66-カバンシさんと図書室の主さんと私

「第三王子殿下、すまないが、本日の午後、お時間を頂く事は可能だろうか」


 あれ、人型カバンシさん?

 人型の時は人見知りなのに、午前中から頑張ってますね。突然の転移魔法も、もう驚きませんよ。ただ、ここ……。


『邪竜殿、美しい転移魔法なので許しますが、ここではお静かに願います』

 あ、やっぱりいらした。

 騎士団魔法隊のお仕事は大丈夫なんですか、千斎さん。


 ちなみにここは騎士団官舎の図書室です。千斎さんは騎士団魔法隊所属の大将閣下です。

『うわ、いらしたのですか狐殿の末裔殿』

 へえ、千斎さんのご先祖様、狐の精霊獣さんなんだ。


 あれ、千斎さんの表情が、……どこかで見たお顔立ち。

 あ、思い出した!


「待ち合わせの初代大司教様の銅像!」

 ご自分の肖像を敬われるよりも祈り自体を尊いものとされる聖霊王様を信仰の支えとする聖教会の方々は、ご自身は遠慮されていた初代大司教様の銅像も実に控えめな物を本部にのみ建造されている。


 綺麗に磨かれ、とても大切にされているのが良く分かる素晴らしい銅像だった。

 その柔らかなお顔立ちに千斎さんはそっくりなのだ。


 実は、精霊王様も似たお考えをお持ちなので、王様同士はとても仲が良いそうだ。


 だからこそ、コヨミさんたちが潰した連中が聖霊王様と聖霊さん達を自分達のシンボルの様に使っていたのが許せなくて恥ずかしくて、で聖霊界からあまりお出にならなかった聖霊王様がますます聖霊界の中に、となられたんだよね。


 元々あまり外に出るお方ではなかったらしいけど。

 確か……少しずつ、精霊王様との顔合わせは増えておられるんだよね。


 私にも、何かできる事があればなあ。


『第三王子殿下は観察力が鋭くていらっしゃいますね。
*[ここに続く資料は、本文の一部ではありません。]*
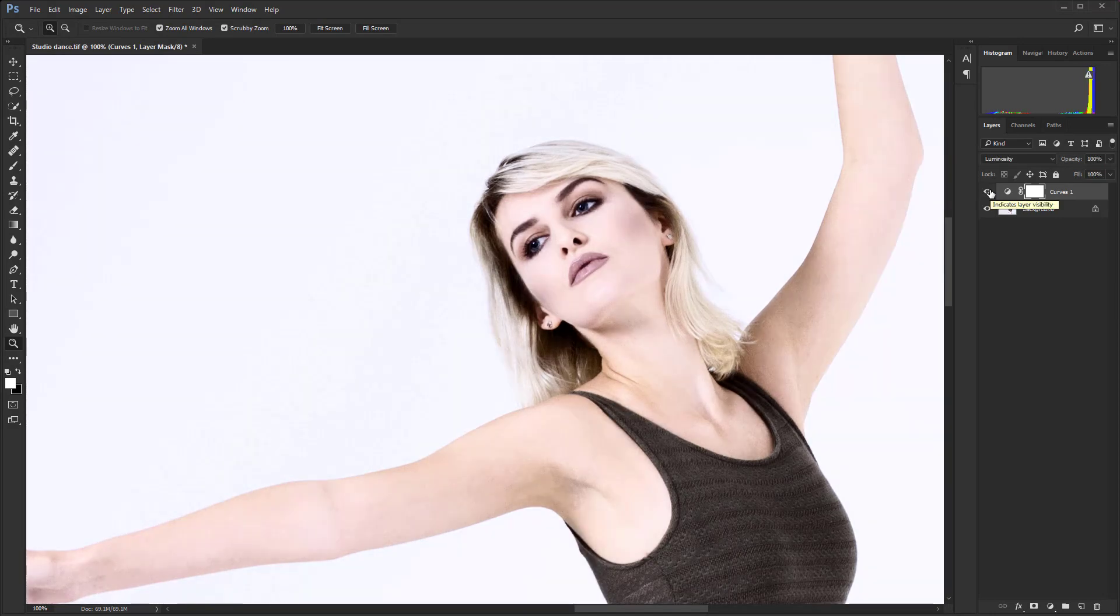So that is how to achieve strong contrast with a much more natural result in Photoshop using blending modes.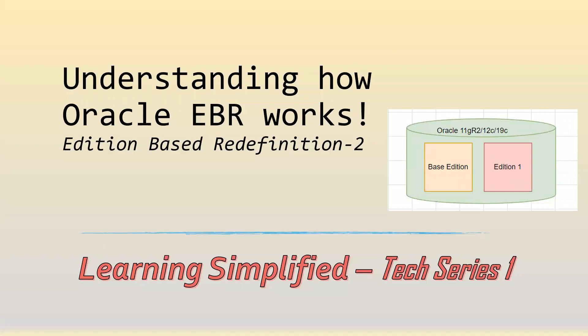Hi, welcome back to the second video of the Tech series, where we're trying to understand how Oracle EBR or Edition Based Redefinition works.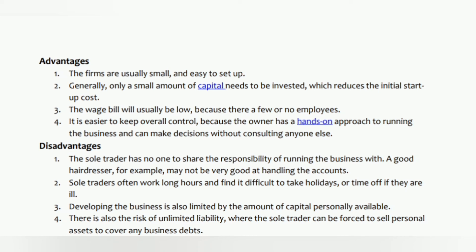Sole trader disadvantages: one — the sole trader has no one to share the responsibility of running the business with; a good hairdresser, for example, may not be very good at handling the accounts. Two — sole traders often work long hours and find it difficult to take holidays or time off if they are ill. Three — developing the business is limited by the amount of capital personally available. Four — there is the risk of unlimited liability, where the sole trader can be forced to sell personal assets to cover any business debts.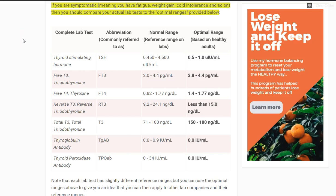Hey guys, it's Dr. Childs here, and today we are going over lesson number 13, and it's going to be all about optimal ranges for thyroid lab tests. What I'm looking at here is a diagram that I have on one of the pages of my website, which goes over all this information. I'm going to be verbalizing it, but if you want to look at it in more detail, I'll have the link below. But today, let's start the topic by talking about what a full thyroid lab panel is.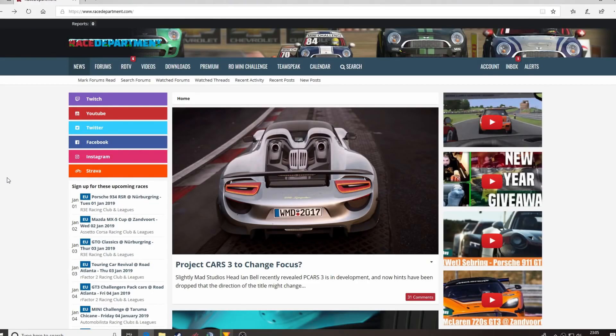Hey guys, Paul here. Welcome to RDTV for our short and sweet tutorial on how to download and install mods for Automobilista.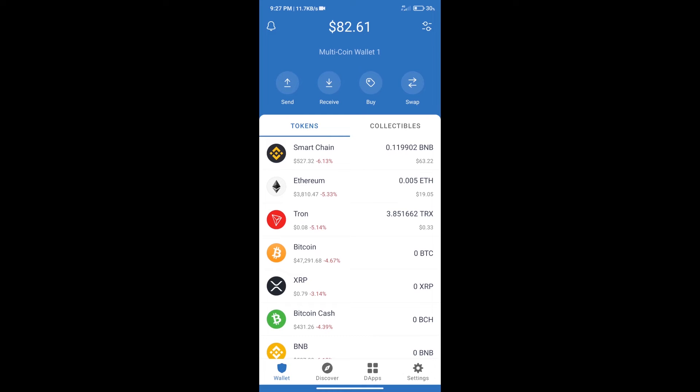Hello guys, today we will tell you how to buy Pancake Games token on Trust Wallet. Firstly we will purchase BNB Smart Chain. After that we will click on buy button.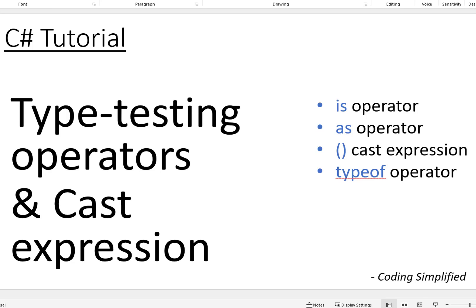Hi everyone, welcome to Coding Simplified. In this video we'll see which are the type testing operators in C# and how we can convert from one type to another type, like how we can get the type of a particular variable. We do this via the `is` operator, the `as` operator, the cast expression, and the `typeof` operator.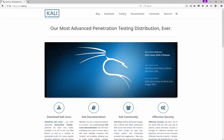Obviously to get started we need to download and install Kali Linux. Now, there are a lot of different ways you can go about this. You can install it directly onto your machine and boot right off the hard drive into Linux. You can do a dual boot with Windows and Linux. You can do a live boot where you boot up off a CD or a USB stick.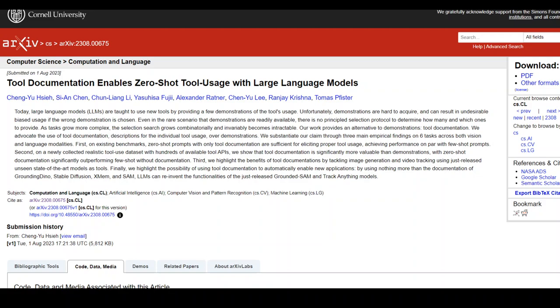By using nothing more than the documentation of Grounding Geno, Stability Fusion, XMEM, and SAM, LLMs can reinvent the functionalities of the just-released Grounding SAM and Drag Anything models.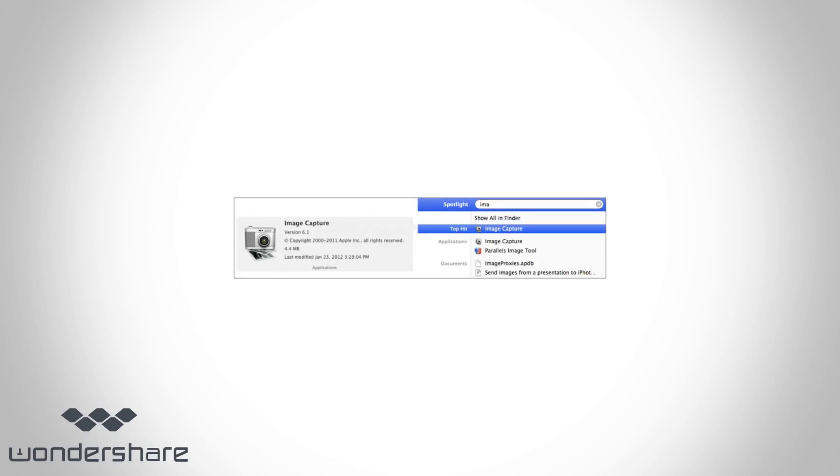Connect your iPhone with Mac via a USB cable and then run the Image Capture application on Mac. From the device list on the Image Capture, select your iPhone.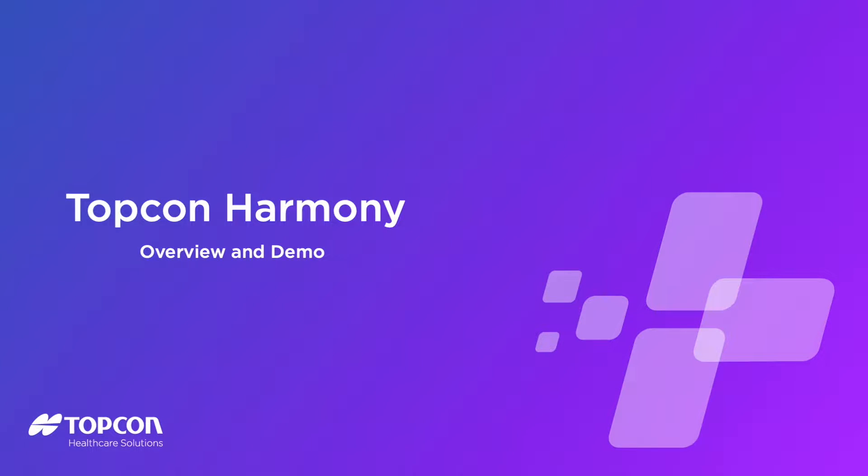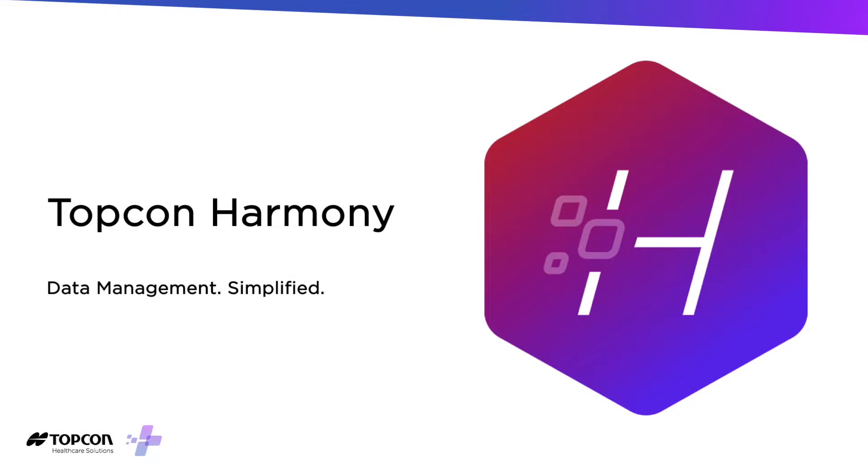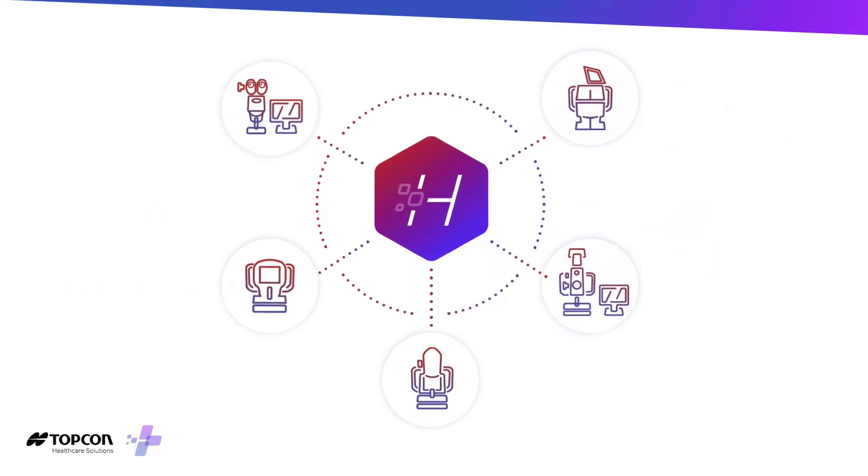Harmony is an all-new data management solution by Topcon. With its new responsive design, streamlined interface, seamless EMR integration, you now have access to every device in your practice, regardless of the manufacturer, all in a single interface.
実は聖教会初代大司教は私の父なのです』

 ここだけの話をさせて頂きますよ、と千斎さんが結界を張った。


 初代大司教様は狐の精霊獣のご先祖様の血が大きく出ておられた方(千斎さんもだけどそれ以上)で、実は今の大司教様も千斎さんのお父上ご自身なのだと言う。


 コヨミさんとも親交がある方で、当時は司祭様。コヨミさん達が倒した連中が聖霊王様を敬う事にも心を痛めておられた方で、コヨミさんが国を立て直した時は聖教会を守る役目をコヨミさん達からお願いされた方なんだって。

 あ、この間の浅緋さんのお話!


 ちなみに、皆さんご存じの聖魔法大導師様も初代さんです。


 ご本人曰く、どちらかお一方だけでもと請われて、何かの勝負で敗北された大司教様の慎ましやかな銅像が建てられたそうです。


 何の勝負なのかは、怖くてまだ聞けていません。


『狐殿、私も千斎殿と呼べばよいのか?』

『そうですね、それなら私もカバンシ殿と』

 ああ良かった。仲は悪くないんだね。


 騎士団団長さんと副団長さんみたいな感じなのかな。


「それでは王子殿下、用件だが、ハンダあいつが筆頭公爵家からナーハルテ筆頭公爵令嬢の冒険者ギルドへの送迎と護衛を依頼されたのだが、どうも心許ないのでついてきては頂けないか? 勿論、あいつの腕は確かすぎる位だが、筆頭公爵令嬢様の眼前で行うべきではない事をしそうなので」

「え、ナーハルテ様の。それならむしろお願いします。付いて行きます!」


「冒険者ギルドですか。騎士団魔法隊大将としては抜き打ち視察に行きたい場所ですね」

「「え」」

 確かに私、お仕事は大丈夫なんですか、とは思いましたが。


 そういう意味ではなかったんですよ、千斎さん。


 あ、現在、寿右衛門さんはリュックさんとお出かけ中。


 色々な物を調達に行ってくれています。帰ってきたらびっくりするかなあ。それとも、もう慣れっこかなあ。